Nei giorni di Arafat era molto più facile credere che i palestinesi cristiani fossero visti dai musulmani come fratelli e sorelle di una causa comune. Erano i tempi in cui Arafat, quando parlava in pubblico della riconquista di Gerusalemme, ripeteva che la bandiere palestinesi avrebbero sventolato “sulle chiese e sulle moschee”.
Poi le cose sono cambiate. Un enorme cambiamento si è avuto durante l’intifada al-Aqsa, che non a caso prende il nome da una moschea, unita alla montante ondata di islamizzazione globale. Per Betlemme, i giochi si chiudevano inesorabilmente. I giovani miliziani di Fatah abbracciavano il fondamentalismo religioso e il massimalismo ideologico dei loro compatrioti di Hamas e Jihad Islamica.

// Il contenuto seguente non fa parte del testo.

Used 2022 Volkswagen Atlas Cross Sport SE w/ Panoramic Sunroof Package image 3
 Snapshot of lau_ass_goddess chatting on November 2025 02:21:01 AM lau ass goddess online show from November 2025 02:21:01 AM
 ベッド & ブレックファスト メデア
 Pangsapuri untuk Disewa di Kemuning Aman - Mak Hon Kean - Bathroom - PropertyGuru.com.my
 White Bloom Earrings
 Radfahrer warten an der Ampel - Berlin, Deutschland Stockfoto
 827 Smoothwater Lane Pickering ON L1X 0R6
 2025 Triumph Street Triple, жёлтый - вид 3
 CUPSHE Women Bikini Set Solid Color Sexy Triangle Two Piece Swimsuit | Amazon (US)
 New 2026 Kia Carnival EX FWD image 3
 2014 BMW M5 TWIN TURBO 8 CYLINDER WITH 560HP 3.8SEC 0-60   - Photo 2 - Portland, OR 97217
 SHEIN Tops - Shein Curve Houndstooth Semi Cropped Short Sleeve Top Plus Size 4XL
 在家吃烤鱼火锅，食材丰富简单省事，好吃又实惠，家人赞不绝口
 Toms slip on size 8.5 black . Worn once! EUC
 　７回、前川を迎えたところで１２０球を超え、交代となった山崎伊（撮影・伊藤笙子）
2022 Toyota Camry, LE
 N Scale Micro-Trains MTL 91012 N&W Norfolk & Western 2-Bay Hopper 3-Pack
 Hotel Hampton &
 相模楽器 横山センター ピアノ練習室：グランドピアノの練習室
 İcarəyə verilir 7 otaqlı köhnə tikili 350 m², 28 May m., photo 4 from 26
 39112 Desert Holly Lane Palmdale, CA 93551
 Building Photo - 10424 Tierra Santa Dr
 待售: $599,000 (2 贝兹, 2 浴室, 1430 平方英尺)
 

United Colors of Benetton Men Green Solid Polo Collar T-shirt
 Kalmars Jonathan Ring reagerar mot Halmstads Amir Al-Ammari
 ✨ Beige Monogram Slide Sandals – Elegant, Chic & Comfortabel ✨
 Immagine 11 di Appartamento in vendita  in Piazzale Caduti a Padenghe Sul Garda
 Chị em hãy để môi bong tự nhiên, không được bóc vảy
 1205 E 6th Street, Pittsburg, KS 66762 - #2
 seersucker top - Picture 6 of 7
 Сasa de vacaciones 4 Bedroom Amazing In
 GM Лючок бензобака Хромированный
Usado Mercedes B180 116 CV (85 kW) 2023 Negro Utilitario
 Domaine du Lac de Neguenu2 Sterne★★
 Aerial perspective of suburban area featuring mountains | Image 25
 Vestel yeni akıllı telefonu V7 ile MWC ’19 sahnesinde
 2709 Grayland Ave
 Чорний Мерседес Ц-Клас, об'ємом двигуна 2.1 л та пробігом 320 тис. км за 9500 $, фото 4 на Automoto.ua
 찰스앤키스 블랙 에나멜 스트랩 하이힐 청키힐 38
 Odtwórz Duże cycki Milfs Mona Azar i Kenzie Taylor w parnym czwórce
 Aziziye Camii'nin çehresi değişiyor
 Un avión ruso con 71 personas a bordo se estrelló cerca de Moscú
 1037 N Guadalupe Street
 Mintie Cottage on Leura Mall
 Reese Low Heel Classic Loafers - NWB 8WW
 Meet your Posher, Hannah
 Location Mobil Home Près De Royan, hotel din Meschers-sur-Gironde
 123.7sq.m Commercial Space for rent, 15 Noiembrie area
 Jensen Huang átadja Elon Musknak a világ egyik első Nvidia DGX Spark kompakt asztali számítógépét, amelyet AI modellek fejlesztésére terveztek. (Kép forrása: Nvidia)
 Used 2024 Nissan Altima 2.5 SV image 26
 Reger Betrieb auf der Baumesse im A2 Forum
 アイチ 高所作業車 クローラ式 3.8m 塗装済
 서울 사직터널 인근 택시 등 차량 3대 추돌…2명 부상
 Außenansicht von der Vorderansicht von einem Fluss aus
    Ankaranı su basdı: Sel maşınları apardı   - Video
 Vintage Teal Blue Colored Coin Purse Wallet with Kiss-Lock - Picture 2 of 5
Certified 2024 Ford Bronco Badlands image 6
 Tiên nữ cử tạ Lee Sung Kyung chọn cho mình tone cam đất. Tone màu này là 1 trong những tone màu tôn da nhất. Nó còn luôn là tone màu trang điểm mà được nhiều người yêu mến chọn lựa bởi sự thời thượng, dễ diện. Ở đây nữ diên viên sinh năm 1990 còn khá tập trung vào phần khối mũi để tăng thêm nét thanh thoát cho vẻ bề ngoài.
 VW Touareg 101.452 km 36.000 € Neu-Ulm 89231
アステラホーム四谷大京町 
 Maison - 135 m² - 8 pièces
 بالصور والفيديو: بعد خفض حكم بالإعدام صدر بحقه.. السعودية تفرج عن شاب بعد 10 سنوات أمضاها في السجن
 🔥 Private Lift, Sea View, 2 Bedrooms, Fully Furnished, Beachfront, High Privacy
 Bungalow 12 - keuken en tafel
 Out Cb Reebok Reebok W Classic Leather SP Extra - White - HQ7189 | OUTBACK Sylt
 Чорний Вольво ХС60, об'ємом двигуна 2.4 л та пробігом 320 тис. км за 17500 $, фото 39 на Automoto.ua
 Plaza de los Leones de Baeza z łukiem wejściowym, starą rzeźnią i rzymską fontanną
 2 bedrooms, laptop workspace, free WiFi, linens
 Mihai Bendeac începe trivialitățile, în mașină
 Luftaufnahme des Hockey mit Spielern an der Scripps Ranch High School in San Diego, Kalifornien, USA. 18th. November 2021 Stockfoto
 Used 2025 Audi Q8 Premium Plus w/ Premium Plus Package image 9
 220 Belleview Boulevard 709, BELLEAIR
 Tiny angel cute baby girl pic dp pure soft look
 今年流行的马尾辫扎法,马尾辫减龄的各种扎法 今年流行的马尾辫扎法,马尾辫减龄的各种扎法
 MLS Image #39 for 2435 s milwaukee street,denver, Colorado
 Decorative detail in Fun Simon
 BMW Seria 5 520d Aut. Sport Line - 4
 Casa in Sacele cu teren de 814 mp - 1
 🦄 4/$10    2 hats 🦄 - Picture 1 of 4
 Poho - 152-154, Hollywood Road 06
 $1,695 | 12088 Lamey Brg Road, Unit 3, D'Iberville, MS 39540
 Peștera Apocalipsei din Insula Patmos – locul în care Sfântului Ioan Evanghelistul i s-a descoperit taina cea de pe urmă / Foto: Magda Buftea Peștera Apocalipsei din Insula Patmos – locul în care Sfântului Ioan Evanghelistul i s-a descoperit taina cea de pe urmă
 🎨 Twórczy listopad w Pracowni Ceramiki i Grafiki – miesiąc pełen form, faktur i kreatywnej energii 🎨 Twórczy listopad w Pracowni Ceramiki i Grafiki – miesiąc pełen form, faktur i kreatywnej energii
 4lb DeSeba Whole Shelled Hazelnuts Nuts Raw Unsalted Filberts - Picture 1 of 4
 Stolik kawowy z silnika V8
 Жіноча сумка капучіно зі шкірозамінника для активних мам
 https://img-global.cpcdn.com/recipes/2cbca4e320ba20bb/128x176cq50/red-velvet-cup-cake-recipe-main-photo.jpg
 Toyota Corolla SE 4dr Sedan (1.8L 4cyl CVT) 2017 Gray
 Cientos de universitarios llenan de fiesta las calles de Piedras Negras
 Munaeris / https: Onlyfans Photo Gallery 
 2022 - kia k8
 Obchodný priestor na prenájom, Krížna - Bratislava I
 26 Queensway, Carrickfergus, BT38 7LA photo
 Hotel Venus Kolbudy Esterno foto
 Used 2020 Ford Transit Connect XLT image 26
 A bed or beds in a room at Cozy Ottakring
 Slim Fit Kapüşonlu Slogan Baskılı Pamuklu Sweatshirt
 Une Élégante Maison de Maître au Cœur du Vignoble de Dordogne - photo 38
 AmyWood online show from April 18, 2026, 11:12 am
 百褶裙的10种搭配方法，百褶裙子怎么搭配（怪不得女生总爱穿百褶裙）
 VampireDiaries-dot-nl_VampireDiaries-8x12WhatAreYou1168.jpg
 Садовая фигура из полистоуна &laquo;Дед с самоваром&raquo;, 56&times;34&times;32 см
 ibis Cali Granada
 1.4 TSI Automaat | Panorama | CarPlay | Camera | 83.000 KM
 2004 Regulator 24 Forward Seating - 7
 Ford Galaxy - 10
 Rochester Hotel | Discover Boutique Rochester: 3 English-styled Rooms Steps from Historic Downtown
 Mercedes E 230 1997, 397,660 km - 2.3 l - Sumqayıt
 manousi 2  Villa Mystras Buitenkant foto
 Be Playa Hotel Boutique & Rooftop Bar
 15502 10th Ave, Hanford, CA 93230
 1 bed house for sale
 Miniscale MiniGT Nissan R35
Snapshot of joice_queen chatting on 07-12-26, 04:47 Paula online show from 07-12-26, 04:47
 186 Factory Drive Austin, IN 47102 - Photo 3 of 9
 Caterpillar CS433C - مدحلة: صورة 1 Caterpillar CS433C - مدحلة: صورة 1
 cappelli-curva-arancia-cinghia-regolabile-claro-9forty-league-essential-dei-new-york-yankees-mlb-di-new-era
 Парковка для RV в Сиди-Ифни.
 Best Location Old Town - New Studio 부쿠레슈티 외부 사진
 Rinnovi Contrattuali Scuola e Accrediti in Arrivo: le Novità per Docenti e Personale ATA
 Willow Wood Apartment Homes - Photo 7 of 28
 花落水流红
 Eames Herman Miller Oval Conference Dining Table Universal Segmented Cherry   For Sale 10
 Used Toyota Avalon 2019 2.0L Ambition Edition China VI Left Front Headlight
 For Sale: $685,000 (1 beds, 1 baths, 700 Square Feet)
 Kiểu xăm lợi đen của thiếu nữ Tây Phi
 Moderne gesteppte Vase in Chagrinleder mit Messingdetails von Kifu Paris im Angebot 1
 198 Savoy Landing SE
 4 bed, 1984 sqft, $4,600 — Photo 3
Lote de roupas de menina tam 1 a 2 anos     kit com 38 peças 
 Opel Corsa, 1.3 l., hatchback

Se il movimento nazionale palestinese si è fatto islamico, lo stesso è avvenuto della sua narrazione. L’ammirata figura di Gesù è stata rimpiazzata dagli improperi contro i crociati e il Papa. Certo, per i cristiani di Betlemme la Natività sta cambiando, forse per sempre. La stella cometa è impallidita, i re magi non si fanno più vedere e cresce la sensazione che presto per loro non vi sarà più un posto libero dove alloggiare. È il Natale 2006. Il posto della cristiani in Palestina è oggi esile come fu in epoche antiche. Natale 2006: c’è ancora qualcuno che dice che Gesù era palestinese?